[GitHub] [iceberg] zhangjun0x01 commented on a change in pull request #1936: Flink: Default read parallelism to number of splits

GitBox Wed, 20 Jan 2021 17:49:35 -0800


zhangjun0x01 commented on a change in pull request #1936:
URL: https://github.com/apache/iceberg/pull/1936#discussion_r561461670




##########
File path: 
flink/src/test/java/org/apache/iceberg/flink/TestFlinkTableSource.java
##########
@@ -685,4 +782,60 @@ public void testSqlParseError() {
     AssertHelpers.assertThrows("The NaN is not supported by flink now. ",
         NumberFormatException.class, () -> sql(sqlParseErrorLTE));
   }
+
+  /**
+   * The sql can be executed in both streaming and batch mode, in order to get 
the parallelism, we convert the flink
+   * Table to flink DataStream, so we only use streaming mode here.
+   *
+   * @throws TableNotExistException table not exist exception
+   */
+  @Test
+  public void testInferedParallelism() throws TableNotExistException {
+    Assume.assumeTrue("The execute mode should  be streaming mode", 
isStreamingJob);

Review comment:
       I think these are two different concepts.
   In flink, whether using batch mode or streaming mode, we can read batch 
data.
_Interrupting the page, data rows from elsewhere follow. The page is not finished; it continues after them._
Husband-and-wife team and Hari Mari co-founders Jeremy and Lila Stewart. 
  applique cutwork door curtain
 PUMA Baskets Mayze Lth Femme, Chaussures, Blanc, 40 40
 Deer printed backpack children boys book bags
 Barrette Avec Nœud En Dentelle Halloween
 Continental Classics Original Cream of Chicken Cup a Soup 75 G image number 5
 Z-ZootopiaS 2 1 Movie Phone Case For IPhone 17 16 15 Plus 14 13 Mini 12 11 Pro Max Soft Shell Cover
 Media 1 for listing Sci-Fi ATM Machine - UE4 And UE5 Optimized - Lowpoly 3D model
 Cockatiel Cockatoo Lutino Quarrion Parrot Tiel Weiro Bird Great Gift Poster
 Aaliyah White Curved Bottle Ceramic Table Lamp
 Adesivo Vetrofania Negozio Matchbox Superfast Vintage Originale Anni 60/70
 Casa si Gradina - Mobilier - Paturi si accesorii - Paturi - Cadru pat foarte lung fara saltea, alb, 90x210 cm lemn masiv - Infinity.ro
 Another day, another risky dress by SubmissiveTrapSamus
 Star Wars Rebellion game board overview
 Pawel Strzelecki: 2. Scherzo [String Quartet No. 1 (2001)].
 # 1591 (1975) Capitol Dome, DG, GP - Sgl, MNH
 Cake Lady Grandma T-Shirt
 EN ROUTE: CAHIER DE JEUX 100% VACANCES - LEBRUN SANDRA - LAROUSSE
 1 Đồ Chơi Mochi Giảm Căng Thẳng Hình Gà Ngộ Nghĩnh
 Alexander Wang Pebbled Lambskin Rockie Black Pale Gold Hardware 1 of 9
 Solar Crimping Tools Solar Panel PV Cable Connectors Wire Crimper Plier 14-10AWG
Flink treats batch jobs as bounded streaming jobs, so there should be no 
problem whether it is using batch mode or streaming mode to read batch data.  
In addition, flink will use `StreamExecutionEnvironment (DataStream)` to do 
batch tasks and stream tasks uniformly ([the  doc 
link](https://flink.apache.org/news/2020/12/10/release-1.12.0.html#batch-execution-mode-in-the-datastream-api))
 . The batch mode may expire, so I think we should also use 
`StreamExecutionEnvironment (DataStream)` for batch tasks as much as possible.
   
   When we use `StreamExecutionEnvironment` , in `FlinkSource.Builder#build` 
method, 
   the `if` and `else` block in this method are both streaming jobs, `if` block 
is a bounded streaming jobs, maybe we can rename `ScanContext#isStreaming` 
field to `ScanContext#isStreamingRead`, which will be easier to understand. 
`If` code block is bounded stream job (batch), `else` code block to do 
long-running stream job.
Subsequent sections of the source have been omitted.